Depuis les années 1980, la " modernisation " est partout à l'ordre du jour. Mais au nom de la nécessaire adaptation aux " mutations du monde contemporain ", c'est bien souvent une véritable " barbarie douce " que cette modernisation aveugle installe au cœur des rapports sociaux. C'est ce que montre Jean-Pierre Le Goff dans ce livre, dans deux champs particulièrement concernés par le phénomène : l'entreprise et l'école. La barbarie douce s'y développe avec les meilleures intentions du monde, l'" autonomie " et la " transparence " sont ses thèmes de prédilection. Elle déstabilise individus et collectifs, provoque stress et angoisse, tandis que les thérapies en tout genre lui servent d'infirmerie sociale. L'auteur met à nu la stupéfiante rhétorique issue des milieux de la formation, du management et de la communication. Et explique comment elle dissout les réalités dans une " pensée chewing-gum " qui dit tout et son contraire, tandis que les individus sont sommés d'être autonomes et de se mobiliser en permanence. L'auteur montre que cette barbarie douce a partie liée avec le déploiement du libéralisme économique et avec la décomposition culturelle qui l'a rendue possible.
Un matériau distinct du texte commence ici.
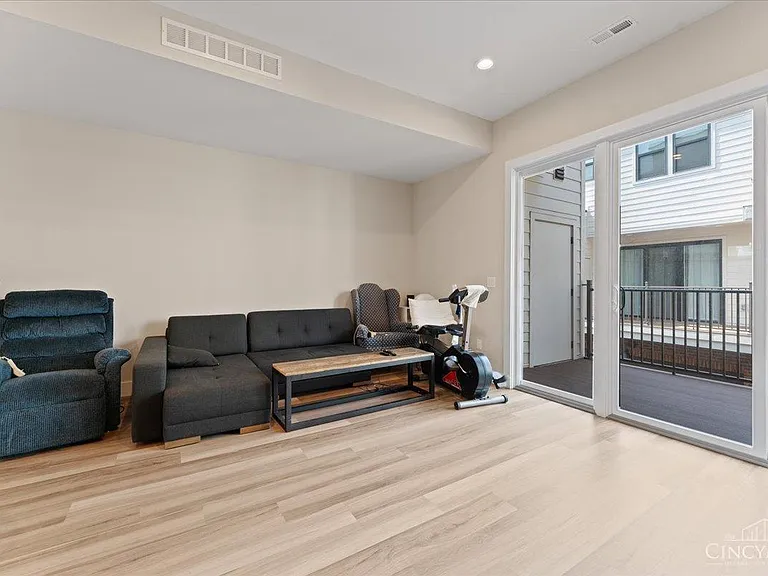 3906 Edwards Rd #B — Photo 9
Et il explore les pistes d'une reconstruction possible pour que la modernisation tant invoquée puisse enfin trouver un sens.
Cette édition numérique reprend, à l'identique, la 2e édition de 2003.
Jean-Pierre Le Goff, philosophe de formation, est sociologue. Il préside le club Politique Autrement, qui explore les conditions d'un renouveau de la démocratie dans les sociétés développées.
Introduction
I. Moderniser à tout prix
1. Management et manipulation : les émancipateurs de l'ère nouvelle - Le " savoir-être à tout faire " - Des logiciels de manipulation - Inversion des rôles et autoservitude - Le management paradoxal - 2. Évaluation des compétences et déshumanisation du travail - Une nouvelle approche de l'emploi - L'incroyable logomachie de la " compétence " - La machinerie de l'insignifiance - 3. Les outils pédagogiques " libérateurs " - Les " outils d'évaluation " et les " contrats " appliqués aux enfants - Des effets insidieux - L'expérience humaine et la culture en question - L'autonomie à tout prix - Vers l'école de la non-violence ? - L'impossible synthèse - 4. L'école sous la pression moderniste - " L'école de la réussite au service des jeunes " ? - Les nouvelles formules de l'enseignement - Refonder l'école pour empêcher la " guerre civile " ? - Les nouveaux objectifs de l'école - Quel héritage ? - Quelle citoyenneté ? - Un discours insaisissable
II. Comment en est-on arrivé là ?
5. Aux origines culturelles de la barbarie douce - L'autonomie comme table rase - Une nouvelle conception de l'éducation permanente - L'institution scolaire en question - Un héritage difficile à assumer - Une nouvelle donne - 6. Aux origines de la gauche moderniste - Le culte de l'entreprise et le nouveau management - La formation et l'école au service de la modernisation - Fuite en avant et invocation des valeurs - L'incohérence - 7. Des conditions pour espérer ? - La modernisation encore et encore... - Les impasses de la gauche radicale - À la recherche d'un nouveau mouvement social
Conclusion
Postface à l'édition de 2003.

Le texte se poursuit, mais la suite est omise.